The U.S. Army Corps of Engineers spent more than $200,000 stimulus dollars out at Optima Lake, tearing down picnic tables, bathrooms and utility poles.
The Corps said the structures and road were safety hazards, but residents and visitors to the area disagreed.
The Corps admitted that Optima Lake and the dam are not fulfilling the original purpose of providing a water supply, preventing floods or giving the community a full lake for recreation.
Amy Lester, Oklahoma Impact Team
HARDESTY, Oklahoma -- After spending $46 million to build a lake that never filled up with water, the U.S. Army Corps of Engineers is dishing out more tax payer dollars at Optima Lake.
"Money is wasted at an enormous level," said State Representative Gus Blackwell. "They are as they have been, using money foolishly."
Optima Lake is in Blackwell's district in the panhandle. He said he's frustrated since the Corps just used $207,000 federal stimulus dollars to tear down bathrooms, utility polls, shelters, picnic benches and close a road that runs over the dam. Blackwell said the structures were not all posing a safety hazard.
"It is a huge waste of money, a huge waste of time, when if they would've just left it the way it was, everything would've continued without any problem," Blackwell said.
Some people who live there or spend time in the area hunting or relaxing agreed with Blackwell.
"To come out and destroy public property that didn't need destroyed was absolutely a crime," said Bryon Test, lifelong resident of Texas County.
The Corps said they tore down structures that were dilapidated and hazardous, but Test said that's not true. He took pictures of several structures in the area that he said were in good condition before they were demolished.
To destroy public property that was in good condition makes me angry, makes me really angry that people in the government aren't any better stewards of our money than that," Test said.

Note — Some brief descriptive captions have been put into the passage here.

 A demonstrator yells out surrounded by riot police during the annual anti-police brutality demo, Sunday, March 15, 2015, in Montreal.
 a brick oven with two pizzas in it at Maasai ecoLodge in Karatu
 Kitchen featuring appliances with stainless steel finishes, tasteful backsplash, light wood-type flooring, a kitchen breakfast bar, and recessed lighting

Test said he is also angry that the Corps shut down the road that runs across the top of the dam. The Corps originally wanted to spend $1.2 million to build a new guardrail along the road. Then while facing political pressure, they pulled the plug on that project. They decided to put in gates to close the road, instead. The Corps insisted the road and structures out there posed a safety hazard.
"If someone got hurt, real serious, there could be huge lawsuits quite frankly and that's going to cost a whole lot more, so we're trying to prevent anybody from getting hurt to begin with," said Ross Adkins, spokesperson for the Corps, Tulsa District.

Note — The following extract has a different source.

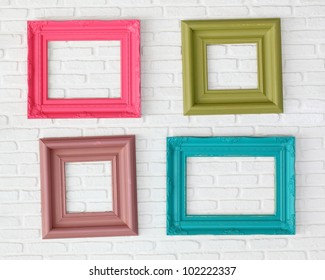 Four Photo Frames On The White Wall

Adkins said he does not know of any serious injuries ever occurring at Optima Lake.
The Corps admitted that Optima Lake and the dam are not fulfilling the original purpose. They are not providing a water supply, preventing floods or giving the community a full lake for recreation. The Corps spends roughly $200,000 a year maintaining the project.
"So little water that you can almost walk across, so no, it is not performing as it was originally designed," Adkins said.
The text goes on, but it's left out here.